LE COMMISSAIRE DE L'AGENCE DES DOUANES ET DU REVENU DU CANADA Intimé

DÉCISION DU TRIBUNAL

L'appel est rejeté.



Peter F. Thalheimer

Peter F. Thalheimer
Membre présidant


Michel P. Granger

Michel P. Granger
Secrétaire
 
 

RÉSUMÉ OFFICIEUX

Le présent appel a été entendu par voie de vidéoconférence à Hull (Québec) et à Calgary (Alberta) aux termes du paragraphe 67(1) de la Loi sur les douanes à l'égard d'une décision rendue le 9 février 2001 par le commissaire de l'Agence des douanes et du revenu du Canada, aux termes du paragraphe 60(4) de la Loi sur les douanes. La question en litige dans le présent appel consiste à déterminer si un couteau (le couteau en cause), qui a été retenu par l'intimé le 14 décembre 2000, est correctement classé dans le numéro tarifaire 9898.00.00 à titre d'arme prohibée.
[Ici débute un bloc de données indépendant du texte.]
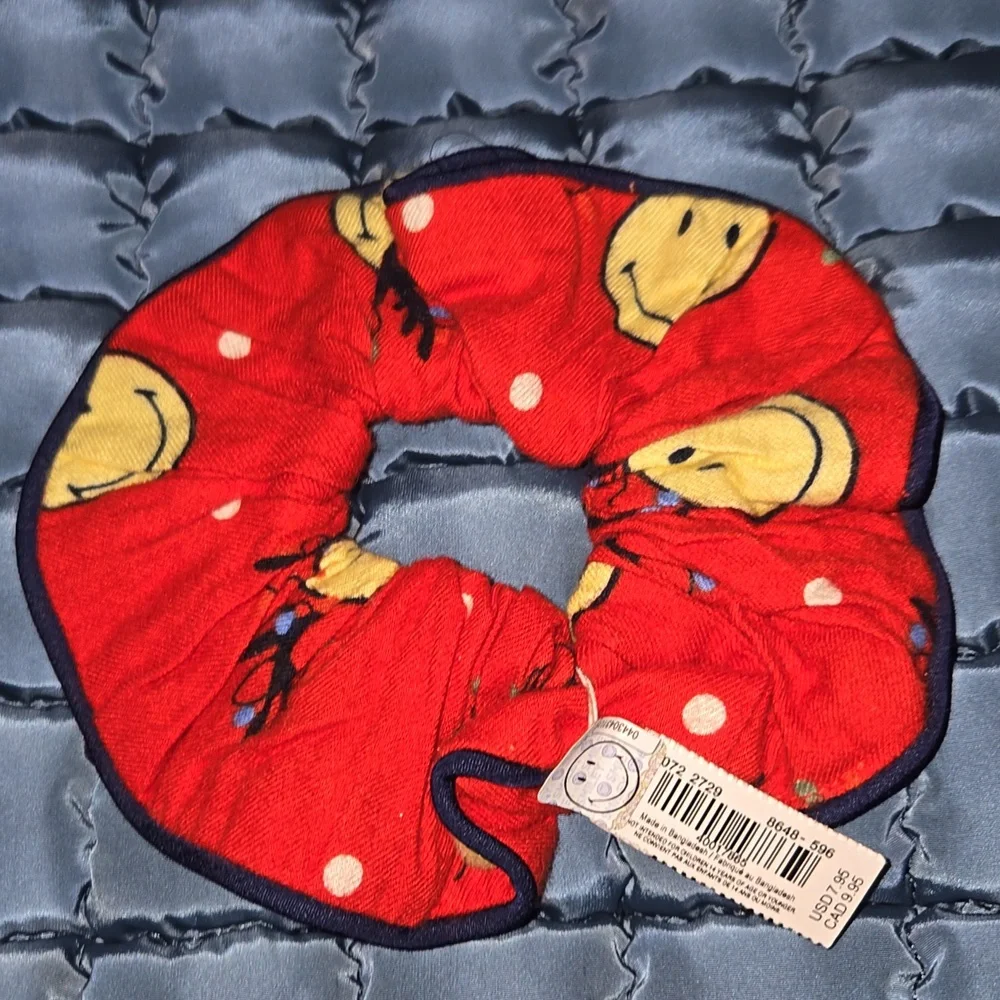 NWT Aerie Red and Yellow Smiley Patterned Scrunchie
DÉCISION : L'appel est rejeté. L'intimé a démontré à la satisfaction du Tribunal que le couteau en cause s'ouvre par force centrifuge. Le couteau en cause est donc une arme prohibée au sens de l'alinéa 84(1)a) du Code criminel. Les arguments présentés par l'appelant ne réfutent pas ce fait. Par conséquent, le couteau en cause est correctement classé dans le numéro tarifaire 9898.00.00.

Lieux de l'audience

 

par voie de vidéoconférence :

Hull (Québec) et Calgary (Alberta)

Date de l'audience :

Le 15 octobre 2001

Date de la décision :

Le 3 janvier 2002

   

Membre du Tribunal :

Peter F. Thalheimer, membre présidant

   

Conseillers pour le Tribunal :

Reagan Walker

 

Eric Wildhaber

   

Greffiers :

Margaret Fisher

 

Anne Turcotte

   

Ont comparu :

Wayne Ericksen, pour l'appelant

 

Susanne Pereira, pour l'intimé

 
 

MOTIFS DE LA DÉCISION

Le présent appel a été entendu par voie de vidéoconférence à Hull (Québec) et à Calgary (Alberta) aux termes du paragraphe 67(1) de la Loi sur les douanes 1 à l'égard d'une décision rendue le 9 février 2001 par le commissaire de l'Agence des douanes et du revenu du Canada, aux termes du paragraphe 60(4) de la Loi. La question en litige dans le présent appel consiste à déterminer si un couteau (le couteau en cause), qui a été retenu par l'intimé le 14 décembre 2000, est correctement classé dans le numéro tarifaire 9898.00.00 de l'annexe du Tarif des douanes 2 à titre d'arme prohibée.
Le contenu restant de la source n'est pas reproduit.